**DATA SHOWN**

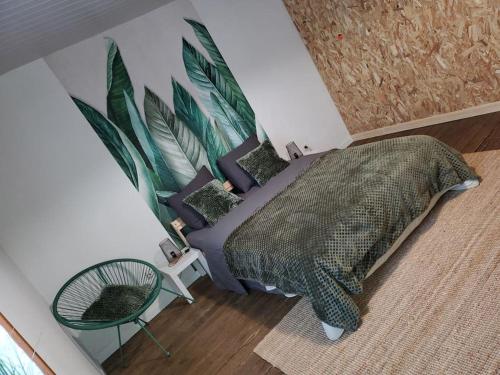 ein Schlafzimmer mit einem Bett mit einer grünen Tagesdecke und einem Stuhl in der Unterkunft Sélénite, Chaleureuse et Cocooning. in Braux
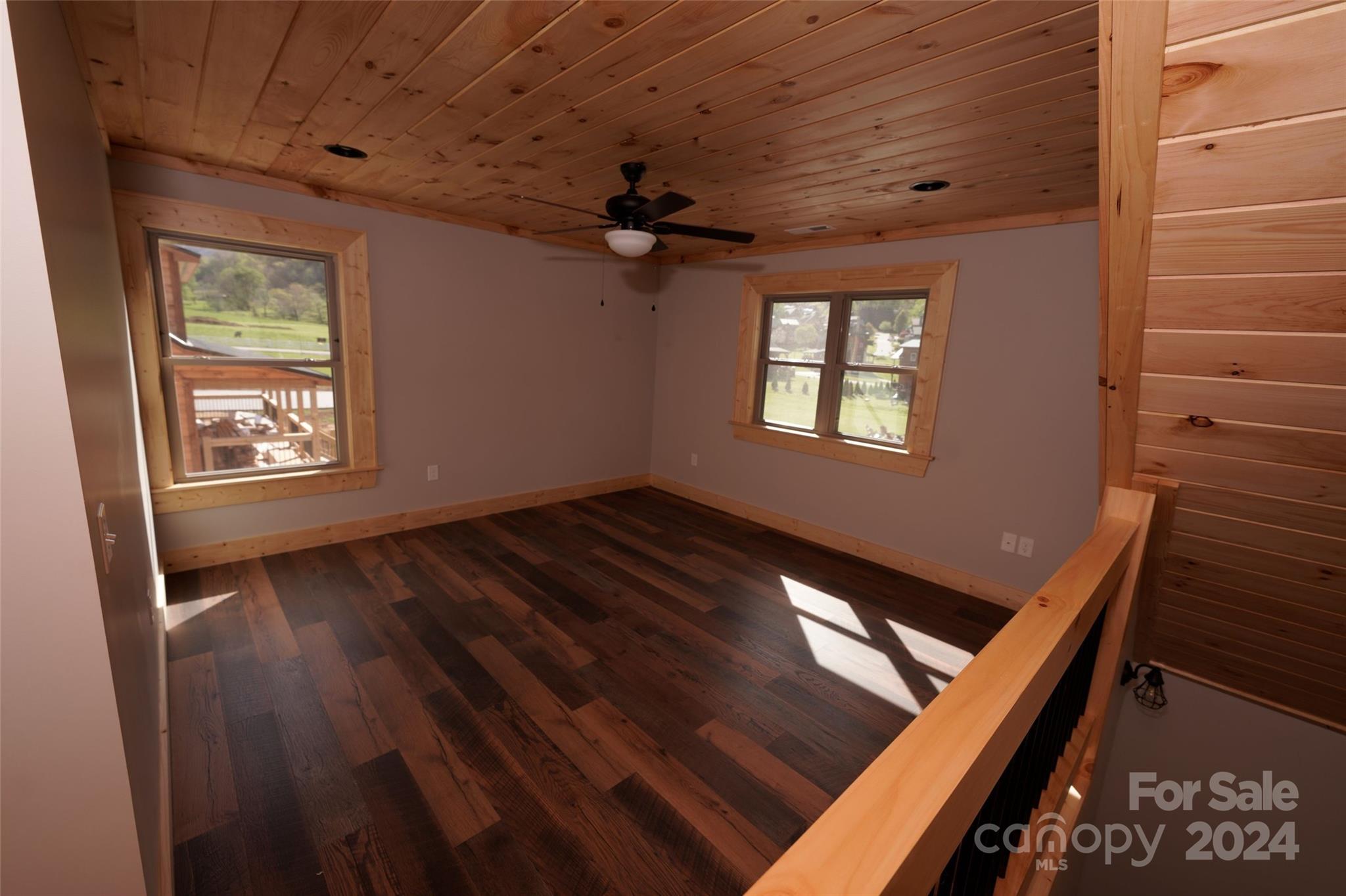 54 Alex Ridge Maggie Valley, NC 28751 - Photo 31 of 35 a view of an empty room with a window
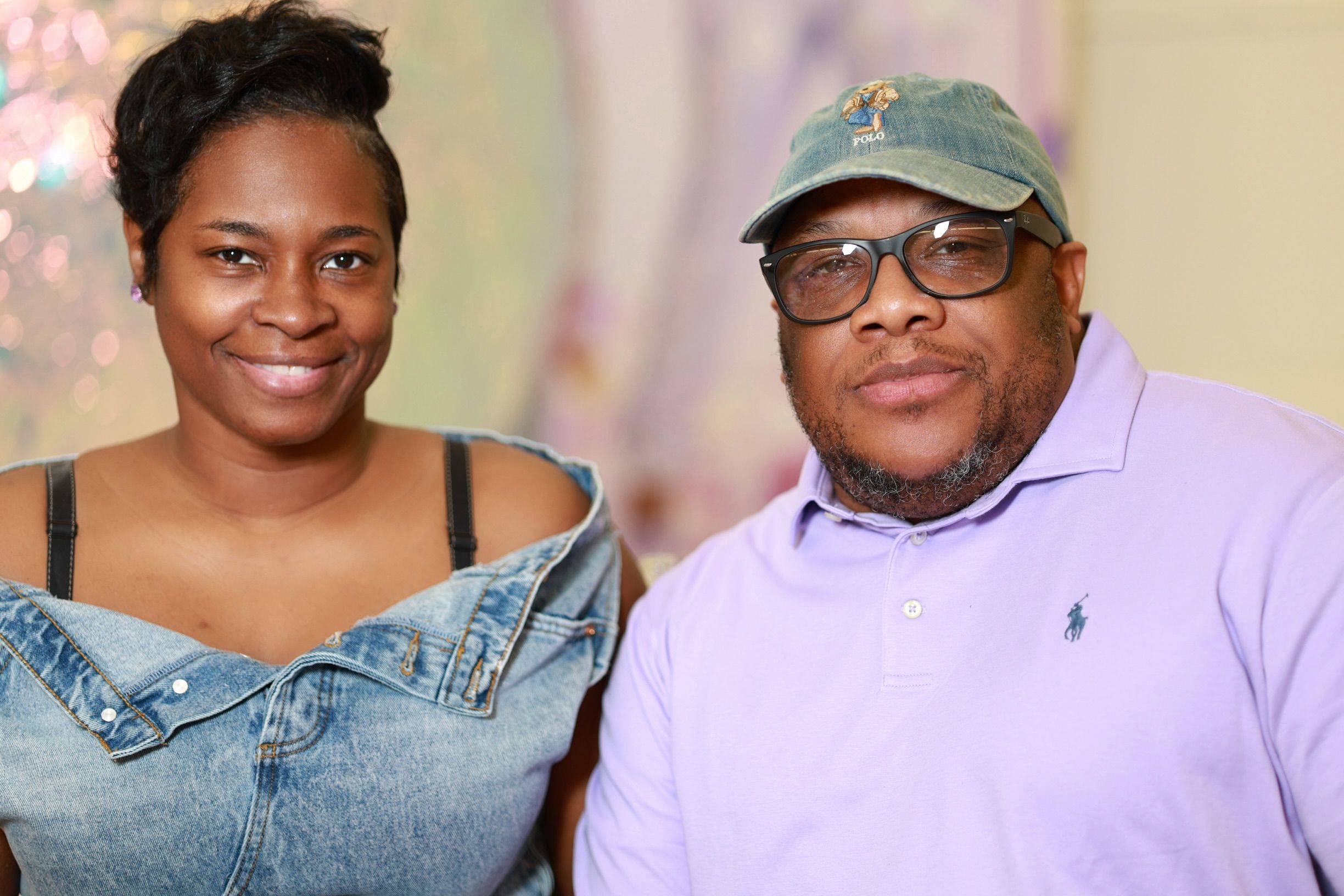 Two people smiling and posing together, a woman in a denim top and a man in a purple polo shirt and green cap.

**TASK PROMPT**
The data is to be printed again exactly, but without its pictures.

**RESULT**
 ein Schlafzimmer mit einem Bett mit einer grünen Tagesdecke und einem Stuhl in der Unterkunft Sélénite, Chaleureuse et Cocooning. in Braux
 54 Alex Ridge Maggie Valley, NC 28751 - Photo 31 of 35 a view of an empty room with a window
 Two people smiling and posing together, a woman in a denim top and a man in a purple polo shirt and green cap.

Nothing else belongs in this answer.